Now, all of a sudden they have a negative carry. It actually costs them money to hold the asset denominated in US dollars.
They would be better just holding on to the cash itself, but then they might be worried about inflation.
What could they do in the future if this plays out?
Well, they could buy oil. It's denominated in US dollars. But instead of just being a piece of paper or a claim to your drunk insolvent Uncle Sam, it has a lot of use. They can use it domestically.
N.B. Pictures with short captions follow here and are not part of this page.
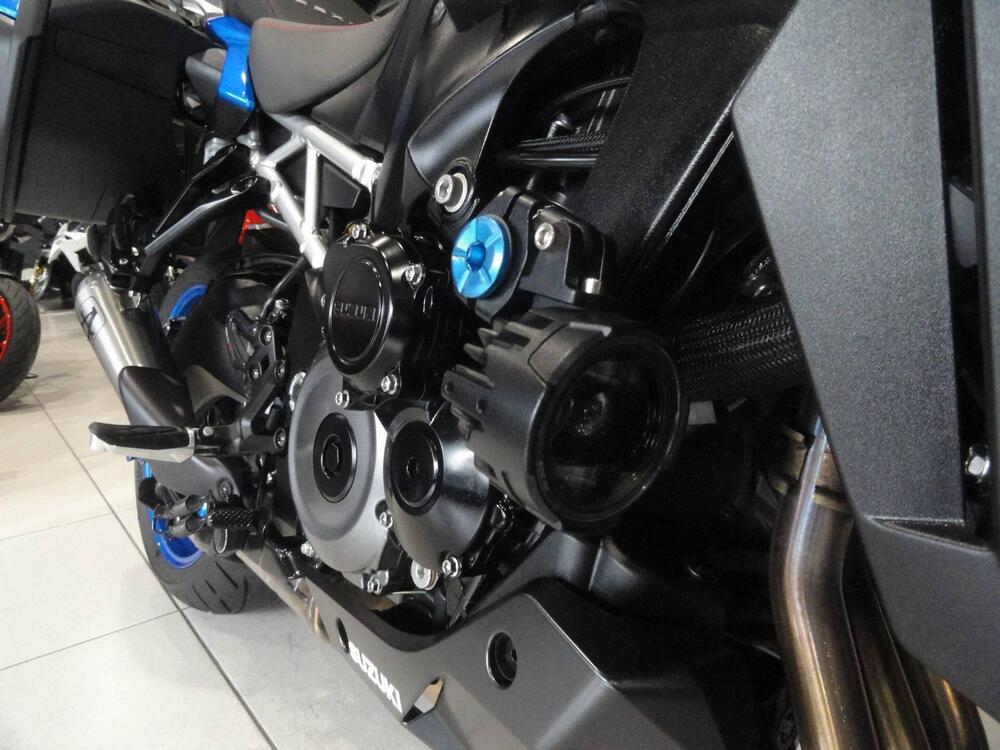 Suzuki GSX-S1000GX Touring (2024 - 25) (4)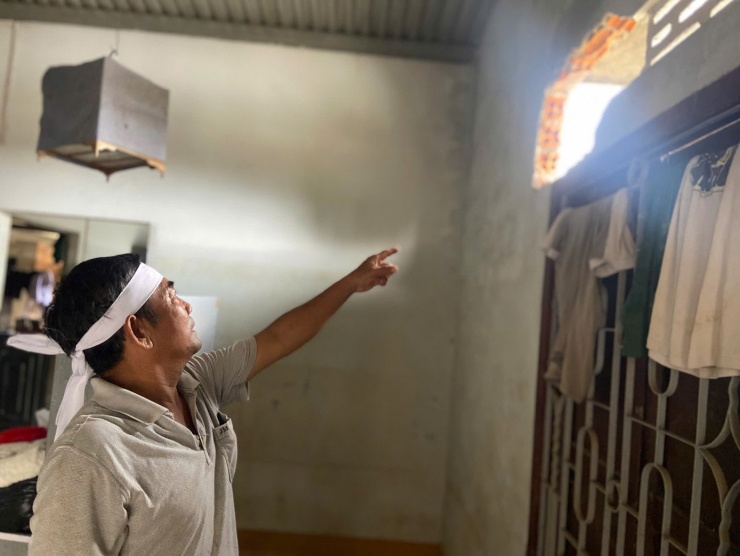 Ông Lương Quang Bắc chỉ chỗ đục tường để cả nhà thoát thân.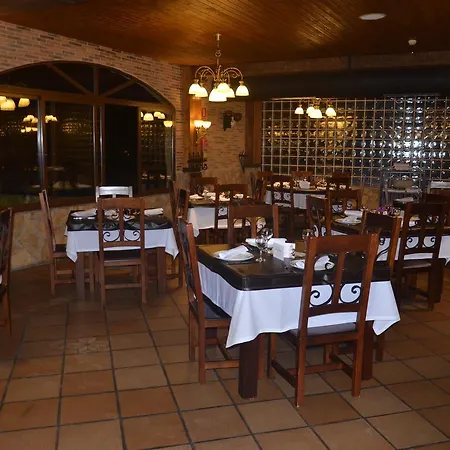 Complejo Turistico La Pinada 2* Gilet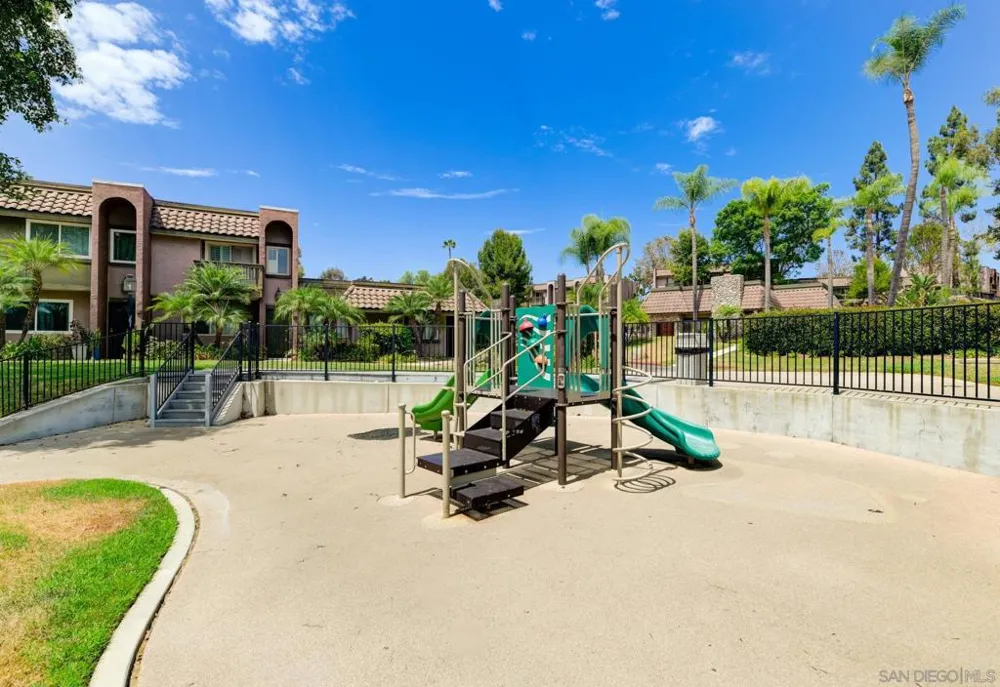 1453 Broadway #C Escondido, CA 92026
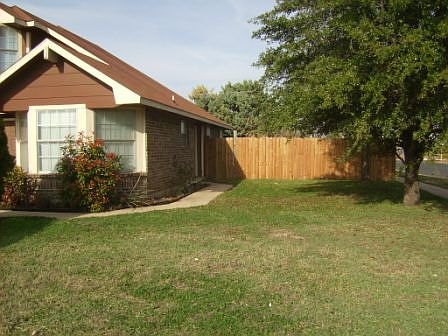 1st image of 2701 Cactus Dr
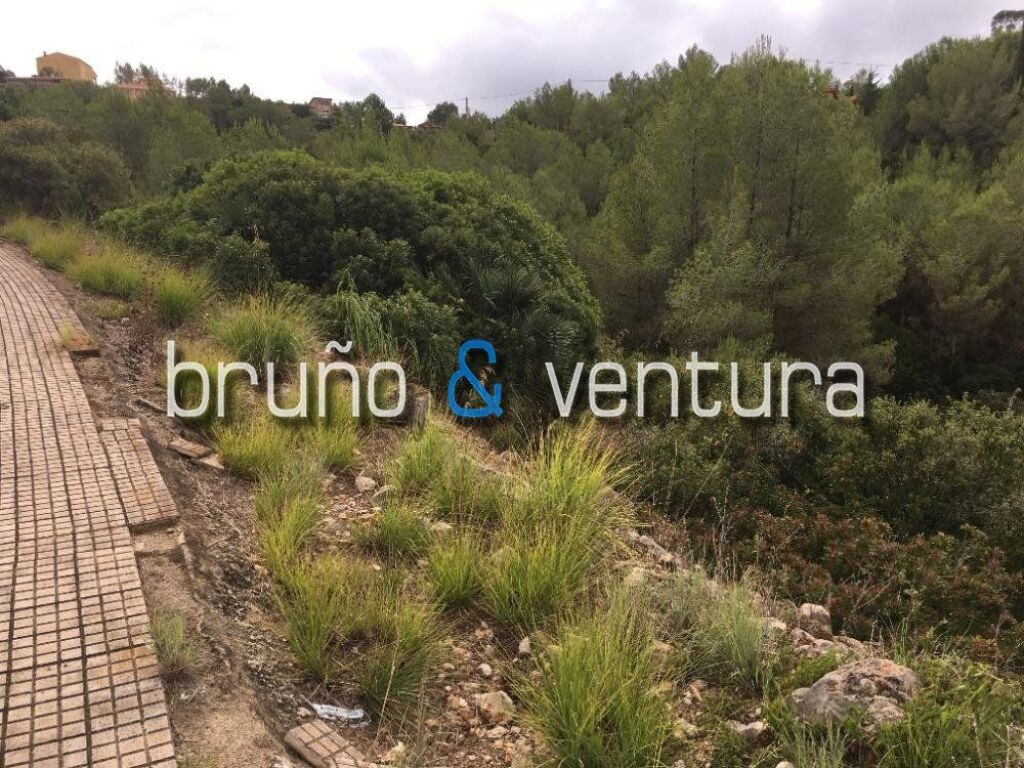 Solar urbano residencial no cosolidado de 860 m2 en Olivella - foto 9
They can use it to grow and expand, whether you like it or not, whatever they're doing in Africa and South America it all requires a lot of oil.
Especially now that the cost of oil is $60 a barrel and the price is only $30 a barrel. It's a total no brainer. If we combine all the factors together, the price is a lot lower than the cost.
We could see all of these asset bubbles come crashing down. So, people are driven to buy something that's tangible, something they can use in the real economy, like commodities and oil.
And you get negative interest rates, which prompts all of these other countries outside of the United States that need dollars, that typically buy treasuries, now, all of a sudden, it's a lot smarter decision for them to buy oil.
You have all these demand components coming together at once, which will definitely drive the price of oil over its production cost at $60, it could take it to $100, $200.